The Complainant did not license or otherwise agree for use of its registered trademarks by the Respondent, thus no actual or contemplated bona fide or legitimate use of the disputed domain name could be reasonably claimed (see, e.g., Sportswear Company S.P.A. v. Tang Hong, WIPO Case No. D2014-1875).
The Respondent has no rights or legitimate interests in the disputed domain name resolving to an inactive web site (i.e., there is no use of the disputed domain name in any dictionary term sense; see, e.g., Philip Morris USA Inc. v. Daniele Tornatore, WIPO Case No. D2016-1302).
Considering the above the Panel finds the Respondent does not have rights or legitimate interests in the disputed domain name. Therefore, the Complainant has established its case under paragraph 4(a)(ii) of the Policy.
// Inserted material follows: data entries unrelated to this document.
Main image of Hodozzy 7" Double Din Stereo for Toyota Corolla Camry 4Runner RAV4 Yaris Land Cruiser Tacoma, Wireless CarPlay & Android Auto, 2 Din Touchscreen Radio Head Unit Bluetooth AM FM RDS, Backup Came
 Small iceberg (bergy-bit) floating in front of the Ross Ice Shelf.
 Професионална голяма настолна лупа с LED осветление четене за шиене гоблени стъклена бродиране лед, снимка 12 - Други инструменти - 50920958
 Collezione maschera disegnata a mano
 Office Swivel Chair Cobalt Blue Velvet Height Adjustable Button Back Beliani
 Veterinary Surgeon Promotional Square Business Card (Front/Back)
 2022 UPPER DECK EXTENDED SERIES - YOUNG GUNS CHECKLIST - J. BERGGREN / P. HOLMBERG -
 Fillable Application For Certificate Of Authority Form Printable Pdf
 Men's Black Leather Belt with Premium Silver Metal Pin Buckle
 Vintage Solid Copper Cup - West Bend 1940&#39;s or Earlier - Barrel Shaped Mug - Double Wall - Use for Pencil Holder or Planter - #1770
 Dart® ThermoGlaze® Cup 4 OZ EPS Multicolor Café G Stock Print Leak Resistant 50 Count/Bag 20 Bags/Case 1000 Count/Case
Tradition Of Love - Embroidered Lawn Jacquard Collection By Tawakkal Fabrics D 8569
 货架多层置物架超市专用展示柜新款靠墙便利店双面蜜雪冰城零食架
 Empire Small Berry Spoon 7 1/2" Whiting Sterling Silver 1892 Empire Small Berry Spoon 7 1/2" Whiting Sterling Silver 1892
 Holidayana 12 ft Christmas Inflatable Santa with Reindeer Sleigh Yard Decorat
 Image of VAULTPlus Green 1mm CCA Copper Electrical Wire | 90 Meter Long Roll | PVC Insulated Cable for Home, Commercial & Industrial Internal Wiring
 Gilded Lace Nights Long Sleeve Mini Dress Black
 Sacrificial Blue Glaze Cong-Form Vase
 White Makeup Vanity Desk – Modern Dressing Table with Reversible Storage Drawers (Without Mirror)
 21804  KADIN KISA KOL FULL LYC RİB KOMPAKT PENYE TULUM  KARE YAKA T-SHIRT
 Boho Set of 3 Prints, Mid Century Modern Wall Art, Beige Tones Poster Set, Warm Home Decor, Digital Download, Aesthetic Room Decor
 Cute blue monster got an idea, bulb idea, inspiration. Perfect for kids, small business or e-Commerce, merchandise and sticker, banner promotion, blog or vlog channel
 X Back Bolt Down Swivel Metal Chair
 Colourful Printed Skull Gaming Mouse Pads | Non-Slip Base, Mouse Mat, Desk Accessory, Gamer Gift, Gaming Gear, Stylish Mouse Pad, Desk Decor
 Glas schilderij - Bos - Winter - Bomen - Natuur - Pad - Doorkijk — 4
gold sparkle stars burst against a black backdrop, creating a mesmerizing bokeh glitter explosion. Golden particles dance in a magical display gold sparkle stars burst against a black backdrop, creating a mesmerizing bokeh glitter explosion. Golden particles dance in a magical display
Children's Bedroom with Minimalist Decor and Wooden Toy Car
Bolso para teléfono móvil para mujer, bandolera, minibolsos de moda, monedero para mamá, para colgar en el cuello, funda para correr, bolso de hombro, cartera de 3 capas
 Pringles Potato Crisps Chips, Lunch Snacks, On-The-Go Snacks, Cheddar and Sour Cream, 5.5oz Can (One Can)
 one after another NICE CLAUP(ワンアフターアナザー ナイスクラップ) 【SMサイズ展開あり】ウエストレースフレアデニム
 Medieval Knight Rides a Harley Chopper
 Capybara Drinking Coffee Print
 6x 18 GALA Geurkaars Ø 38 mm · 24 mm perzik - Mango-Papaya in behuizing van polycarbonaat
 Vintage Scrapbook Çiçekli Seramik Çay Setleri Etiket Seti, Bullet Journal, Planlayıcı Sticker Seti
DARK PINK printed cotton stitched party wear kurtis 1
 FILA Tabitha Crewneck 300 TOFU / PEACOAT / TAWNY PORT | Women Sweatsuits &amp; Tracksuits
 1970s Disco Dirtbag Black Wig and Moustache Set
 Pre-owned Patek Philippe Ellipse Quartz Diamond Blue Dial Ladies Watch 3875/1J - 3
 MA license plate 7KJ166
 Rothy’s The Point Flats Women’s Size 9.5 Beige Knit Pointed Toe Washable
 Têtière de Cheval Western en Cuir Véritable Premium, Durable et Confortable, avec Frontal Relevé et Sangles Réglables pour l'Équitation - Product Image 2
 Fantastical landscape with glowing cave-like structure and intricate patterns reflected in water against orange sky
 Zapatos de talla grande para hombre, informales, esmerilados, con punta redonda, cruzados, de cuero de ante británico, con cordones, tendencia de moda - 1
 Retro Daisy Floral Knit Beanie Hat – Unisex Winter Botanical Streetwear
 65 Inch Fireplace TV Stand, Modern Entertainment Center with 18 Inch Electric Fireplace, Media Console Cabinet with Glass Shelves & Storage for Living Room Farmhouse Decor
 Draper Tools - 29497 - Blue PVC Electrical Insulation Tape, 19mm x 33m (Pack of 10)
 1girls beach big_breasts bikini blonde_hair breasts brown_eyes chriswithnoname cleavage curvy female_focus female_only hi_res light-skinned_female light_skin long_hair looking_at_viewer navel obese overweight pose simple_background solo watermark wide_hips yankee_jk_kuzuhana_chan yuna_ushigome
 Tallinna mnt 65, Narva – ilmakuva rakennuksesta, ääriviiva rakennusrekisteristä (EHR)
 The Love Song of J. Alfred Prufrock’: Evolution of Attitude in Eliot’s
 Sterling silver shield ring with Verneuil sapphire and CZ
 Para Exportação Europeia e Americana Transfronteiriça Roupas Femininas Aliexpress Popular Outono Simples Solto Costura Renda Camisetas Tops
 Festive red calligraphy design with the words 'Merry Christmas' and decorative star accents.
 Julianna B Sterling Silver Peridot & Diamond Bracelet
D. Registered and Used in Bad Faith
At the time of the registration of the disputed domain name (some 20 years after the Complainant’s trademark rights arose) the Respondent knew, or at least should have known about the existence of the Complainant’s registered and known trademark, which this Panel finds confirms bad faith (see, e.g., The Gap, Inc. v. Deng Youqian, WIPO Case No. D2009-0113).
According to section 3.3 of the WIPO Overview 3.0 from the inception of the UDRP, panelists have found that the non-use of a domain name (including a blank or “coming soon” page) would not prevent a finding of bad faith under the doctrine of passive holding. In this regard the Panel takes into account (i) the high degree of distinctiveness and reputation of the Complainant’s trademark, (ii) the failure of the Respondent to submit a response or to provide any evidence of actual or contemplated good-faith use, (iii) the failure of the Respondent to address the Complainant’s cease and desist letter, (iv) the Respondent’s concealing its identity while registering the disputed domain name, and (v) the implausibility of any good faith use to which the disputed domain name may be put.
Considering the above the Panel finds the disputed domain name was registered and is being used in bad faith. Therefore, the Complainant has established its case under paragraph 4(a)(iii) of the Policy.
For the foregoing reasons, in accordance with paragraphs 4(i) of the Policy and 15 of the Rules, the Panel orders that the disputed domain name, <kulula.site> be transferred to the Complainant.